> **How to complete this task**: Transcribe exactly the stretch of lines beginning at the one containing "Raspberry PI 7" and closing with the last line of the entries below. Omit images.

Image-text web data
--- START ---

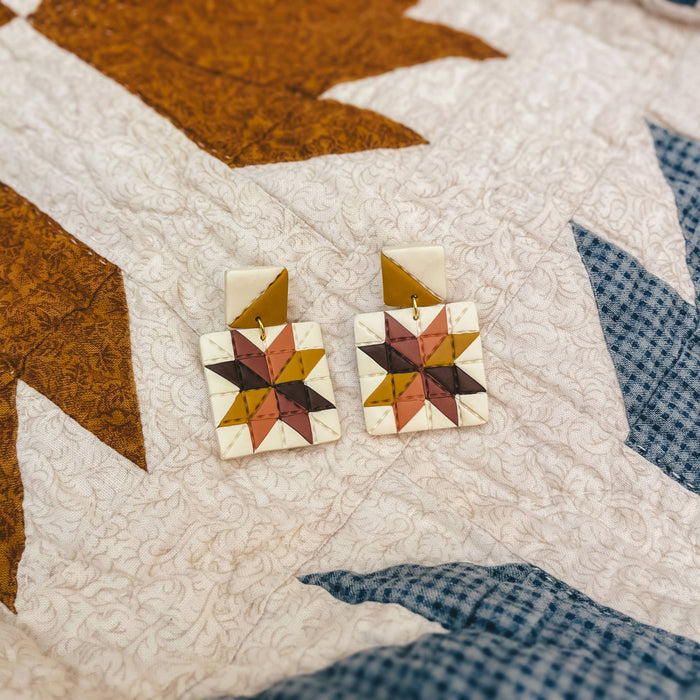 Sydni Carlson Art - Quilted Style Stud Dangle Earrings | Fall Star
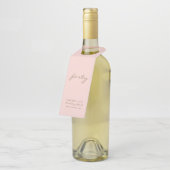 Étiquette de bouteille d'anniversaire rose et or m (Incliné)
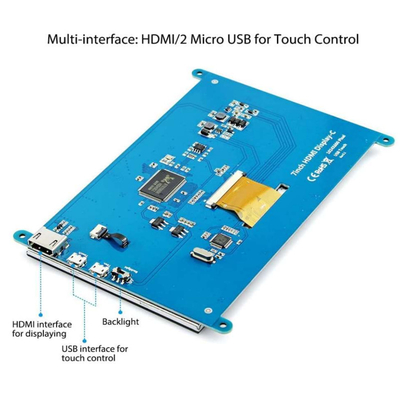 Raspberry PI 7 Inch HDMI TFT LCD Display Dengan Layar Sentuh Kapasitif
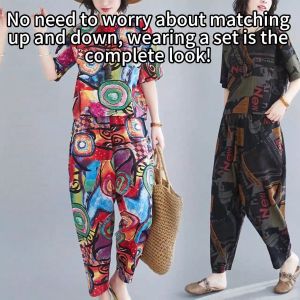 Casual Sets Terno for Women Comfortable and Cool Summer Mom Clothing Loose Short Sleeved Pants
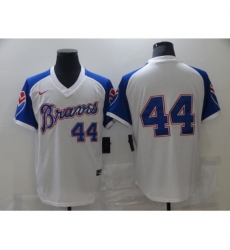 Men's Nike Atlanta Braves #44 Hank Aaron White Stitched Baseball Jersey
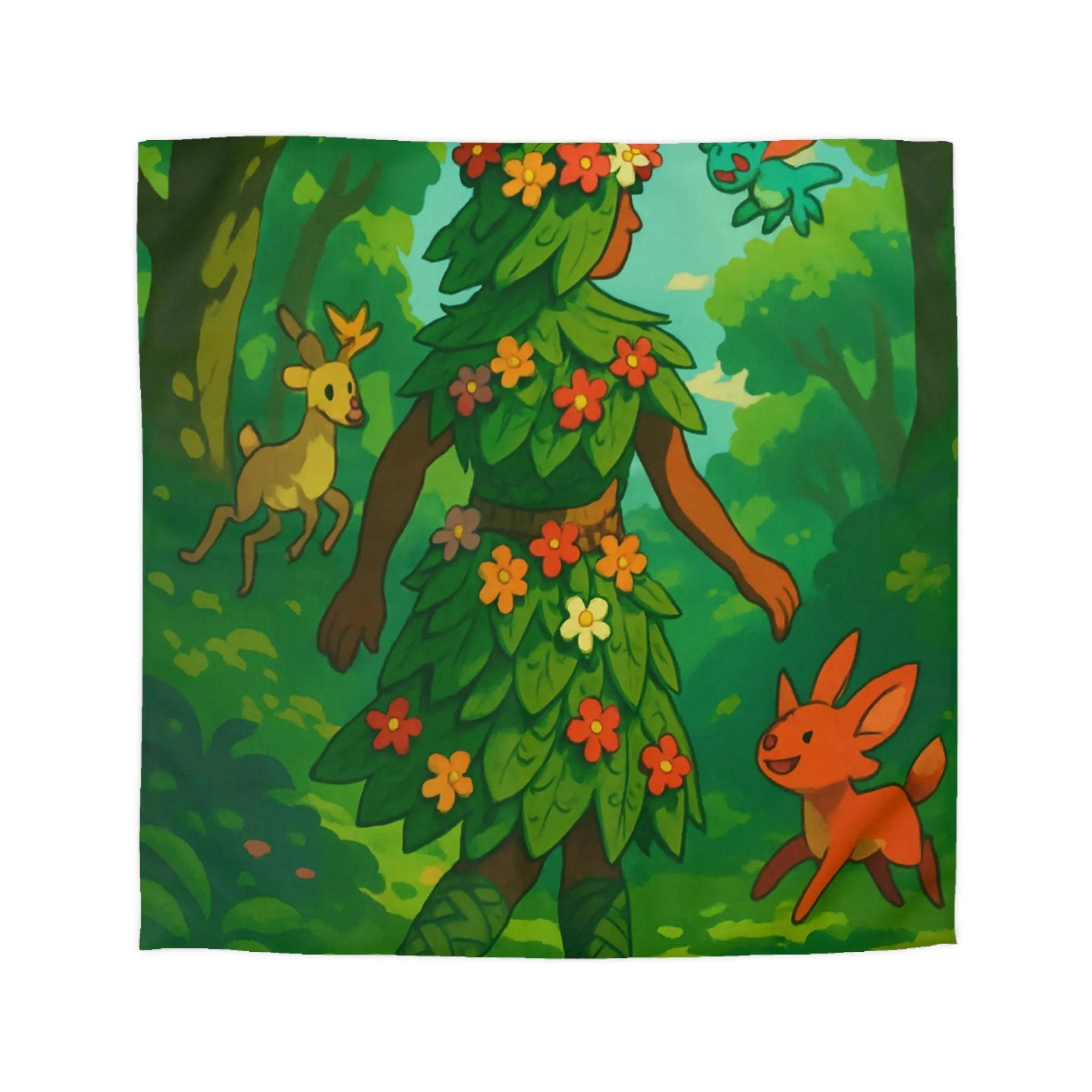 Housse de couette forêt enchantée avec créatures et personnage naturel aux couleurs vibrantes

--- END ---

> **Answer section**:
 Raspberry PI 7 Inch HDMI TFT LCD Display Dengan Layar Sentuh Kapasitif
 Casual Sets Terno for Women Comfortable and Cool Summer Mom Clothing Loose Short Sleeved Pants
 Men's Nike Atlanta Braves #44 Hank Aaron White Stitched Baseball Jersey
 Housse de couette forêt enchantée avec créatures et personnage naturel aux couleurs vibrantes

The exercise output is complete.